Trouble with purified recombinant protein bands - (May/23/2013 )
I have expressed a plant protein in E.Coli. This recombinant protein is His-tagged. Its size is 27KDa. Now when I purify my protein and run it in SDS-PAGE I have two bands very close to each other at about 27 KDa. I cut both of them out and sent them for peptide mass fingerprinting. Both of them turned out to be my protein. I have attached a photo of my purified protein in SDS-PAGE. Lane 5, 6, 7 are my purified protein elutions at 100-250mM imidazole. The lower band is lighter than the upper band.
I was wondering why this size difference? It cannot be a dimer as I heat my samples in SDS-loading buffer with DTT. Any suggestions on how is it possible to get the same protein in two close but different sizes, will be highly appreciated. I tried looking this kind of problem in papers but couldn't come across one.

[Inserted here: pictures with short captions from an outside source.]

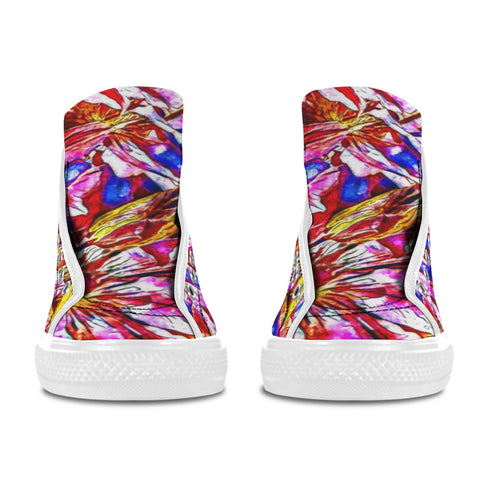'Clematis' (White) Women's 'Vancouver' High Top Boots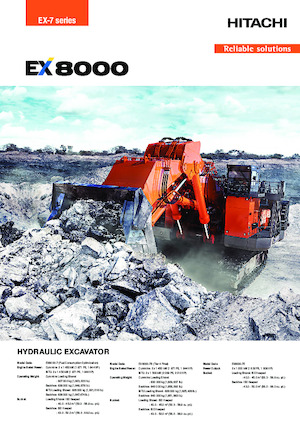 Koparki gąsienicowe Hitachi EX8000-7
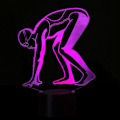 Miniatyrbillede 1 af 5: WJ 3D Svømning Natlys Lampe Illusion Led 7 Farve Skiftende Touch Switch Bord Dekoration Lamper Akryl Flad ABS Base USB Kabel Legetøj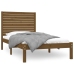 Estructura de cama madera maciza marrón miel 100x200 cm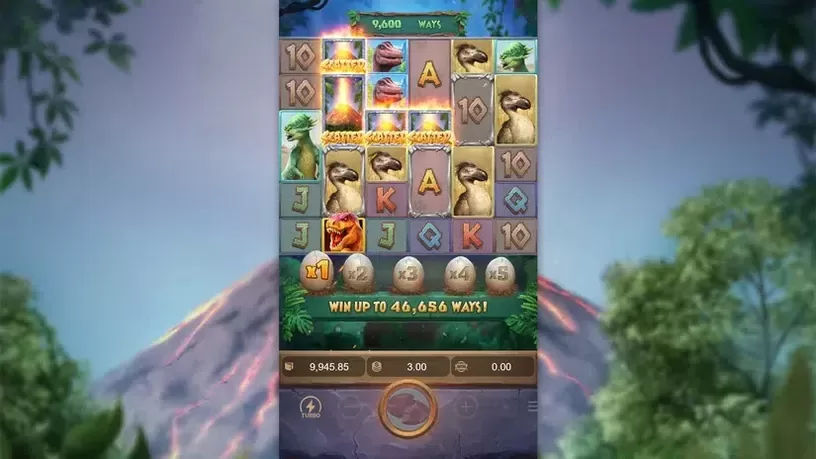 Jurassic Kingdom slot screenshot 4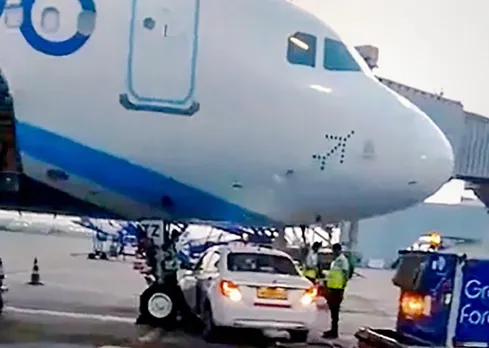 Go First car goes under IndiGo plane, narrowly avoids collision with nose wheel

Also I ran a native gel and I got one band at about 73 KDa and another about 65 KDa. They had quite a distance than what they appear in SDS-PAGE.
are there any differences in the mass fingerprints? you may have a slightly truncated version of the protein or different his tag lengths or post-translational modification.
differences of mobility in native page can be due to charge as well as size differences (or a combination).
Thanks for the reply.
The only difference is that the upper band has a score of 2216.42 and the lower band has a score of 2082.55. Do you think this slightly truncated version is due to proteases? I thought that if due to protease I would get a lot more smaller peptides in the SDS-PAGE gel. And what are the post-translational modifications possible in E.Coli?
could be proteases. some cleave at the terminus, some have very specific cleavage sites.
there are a number of ptms possible in e coli (eg proteolysis, phosphorylation,...). some are engineered into some strains (eg glycosylation).
phosphorylation could make a protein migrate faster in sds as well as normal page (and especially in urea-page).
since the mass scores are different, you can sequence the proteins to determine if there are any changes in the primary structure.